10 May 2012day-jobscience

I was up at our experimental site at Puéchabon the other day, installing a new PC to collect images from our webcam. The previous one had been stolen by some local yokels, along with all the solar panels and the electronics to go with them, and a load of other hardware. The technicians who maintain the site have made a Fort Knox-like enclosure for the instrumentation in our little cabin, and I had a shelf in there to put the Eee PC that collects the images from the camera at the top of our flux tower. (We’re monitoring colour changes in the foliage to see if we can use these not-very-remotely sensed data to detect important phenological changes.)

I got the computer attached to the Ethernet cable and the PoE box going to the camera, connected to the power supply in the cabin, and checked that I could see images from the camera on the live web page view (we’re using a StarDot camera). That all worked fine, so I just needed to set up the regular FTPing of images from the camera to the laptop.

Oops. I’d forgotten to install an FTP server on the laptop. The laptop is running Ubuntu Linux, the camera runs an embedded Linux distribution, and there’s a cron job on the camera that takes an image and FTPs it to an archival server at regular intervals. Of course, the “archival server” in this case is a little laptop in a shed in the woods, and it needs an FTP server. Which I hadn’t installed. And I was off in a shed in the woods, far from an internet connection...

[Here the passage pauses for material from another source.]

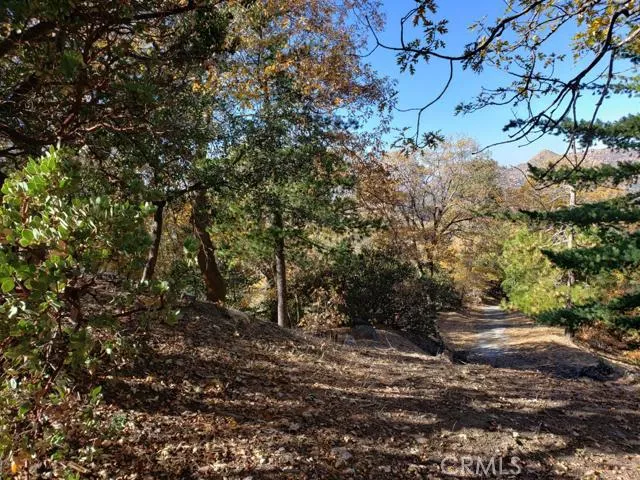 0 Evergreen Ln., Lake Arrowhead, California 92352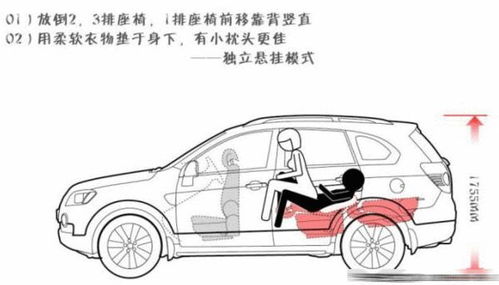 “车震”是在网上看到的一个新名词,“车震”是什么意思啊?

I swore at my stupidity for a couple of minutes, then had a rummage in my rucksack. Yes! USB cable. Two minutes later, I was connected to the internet via my smart phone and a USB tethered network interface on the laptop. Wow. I had to hold the phone up in the air to get decent reception to download an FTP server package, and it wasn’t the fastest, but it was a moment that made me think about how weird our constantly connected world has become. We may not have electricity at our experimental site, but we can haz internets!